**Dataset content:**
--*--

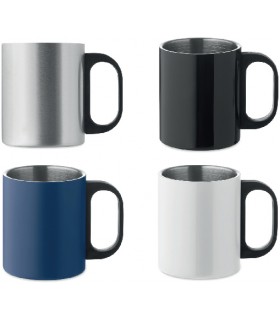 MUG DOUBLE PAROI 300ml - MO6600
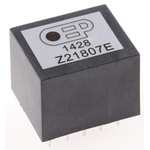 Through Hole Audio Transformer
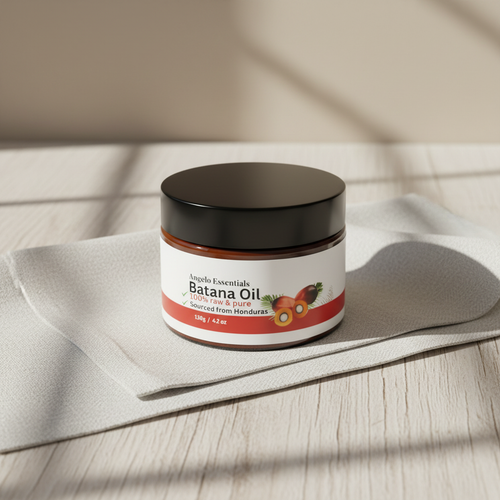 Batana Oil - Spa Luxury 2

--*--

**Problem details:** Repeat, exactly and in full, all the material above except its pictures.

**Expected answer:**
 MUG DOUBLE PAROI 300ml - MO6600
 Through Hole Audio Transformer
 Batana Oil - Spa Luxury 2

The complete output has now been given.